Donnie
by John M. Smith, Executive Director
Egyptian Area Agency on Aging

My friends, Rick and Dave, introduced me to Donnie many years ago. He stood just three foot six inches tall, but was a big man in my eyes.

He was born with a congenital condition which prevented normal growth, but that didn't stop him from being “normal.” I met his parents only once before he died, but Donnie's parents had obviously raised him like any other child, teaching him to act nice, be polite, listen before talking, say yes and no “sir” and “thank you.”

The people in the small town where Donnie lived treated him like a celebrity; he seemed to make them happy. He served on several town boards including serving as the treasurer for his small town's annual fair. He was consulted by everyone on taxes, because of his background in Accounting, and on caring for animals, as he raised several himself and it was a real interest of his. Everyone was happy when he was around.

He also liked sports, and was a huge “Cubbie's” fan. Donnie, Rick, Dave, and I often went to Chicago when we visited with each other, to watch the Cubs play. If we were lucky, both the Cubs and White Sox were in town on the same day and we'd see them both. And if we were really lucky the Cubs would be playing the Cardinals, or Dave's favorite team the Dodgers, which made us even happier.

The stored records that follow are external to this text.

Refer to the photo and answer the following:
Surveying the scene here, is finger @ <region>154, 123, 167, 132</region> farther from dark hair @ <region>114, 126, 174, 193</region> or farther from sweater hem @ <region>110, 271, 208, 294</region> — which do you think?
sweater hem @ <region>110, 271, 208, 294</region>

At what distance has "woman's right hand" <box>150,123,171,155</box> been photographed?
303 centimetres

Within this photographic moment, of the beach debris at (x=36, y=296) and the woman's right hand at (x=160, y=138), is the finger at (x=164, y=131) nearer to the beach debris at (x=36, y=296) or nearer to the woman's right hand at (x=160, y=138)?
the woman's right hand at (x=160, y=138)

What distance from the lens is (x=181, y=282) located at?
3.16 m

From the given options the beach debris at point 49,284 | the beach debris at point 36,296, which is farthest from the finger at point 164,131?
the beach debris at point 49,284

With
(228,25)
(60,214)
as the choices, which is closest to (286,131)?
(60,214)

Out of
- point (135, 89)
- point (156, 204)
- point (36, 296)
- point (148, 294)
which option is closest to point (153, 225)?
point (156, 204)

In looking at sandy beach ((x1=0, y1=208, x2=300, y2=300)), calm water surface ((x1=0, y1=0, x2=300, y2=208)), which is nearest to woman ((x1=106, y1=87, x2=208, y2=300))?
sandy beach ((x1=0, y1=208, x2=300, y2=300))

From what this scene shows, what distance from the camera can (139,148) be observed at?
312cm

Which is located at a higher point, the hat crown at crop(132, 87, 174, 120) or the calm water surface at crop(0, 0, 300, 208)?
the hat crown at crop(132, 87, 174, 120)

When we met at Donnie's home, he was a genuinely wonderful host. He would make sure we were well fed and entertained. When we went out to eat, he'd show us the best places to dine. Every time we sat down to eat at a restaurant, the townsfolk would come up to him for extended conversations, always smiling and happy. Before I knew him well, I thought he was a politician because he knew and talked to everyone in town.

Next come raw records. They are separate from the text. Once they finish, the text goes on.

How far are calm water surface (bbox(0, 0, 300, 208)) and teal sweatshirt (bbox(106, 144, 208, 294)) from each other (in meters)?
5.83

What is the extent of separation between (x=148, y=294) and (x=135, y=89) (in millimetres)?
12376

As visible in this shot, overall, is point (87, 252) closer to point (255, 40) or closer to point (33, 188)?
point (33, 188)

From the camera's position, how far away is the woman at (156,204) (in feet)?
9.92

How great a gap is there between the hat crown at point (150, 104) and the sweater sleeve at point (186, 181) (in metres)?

In his mid-thirties some five years ago, he married Robin. She is a little person, too. And just like Donnie, she's the toast of the town. They were only married two years before he died unexpectedly, but she has often said that those two years were the happiest of her life because of him. I guess the same caring traits which made everyone happy to know him made him a good husband, as well.

Not many have the ability to make others happy as Donnie did, but it was a lesson well learned to watch and appreciate his interaction with others. I have never seen a clearer example of why we must look at one's inner character rather than outer physical appearance when determining how big someone is.

It seemed like the entire town showed up at his funeral. Many of his friends waited in line for over five hours to say goodbye. I didn't like it that he died so young, but I'm not sad. I am happy because I got to know him, even if our visit was too short.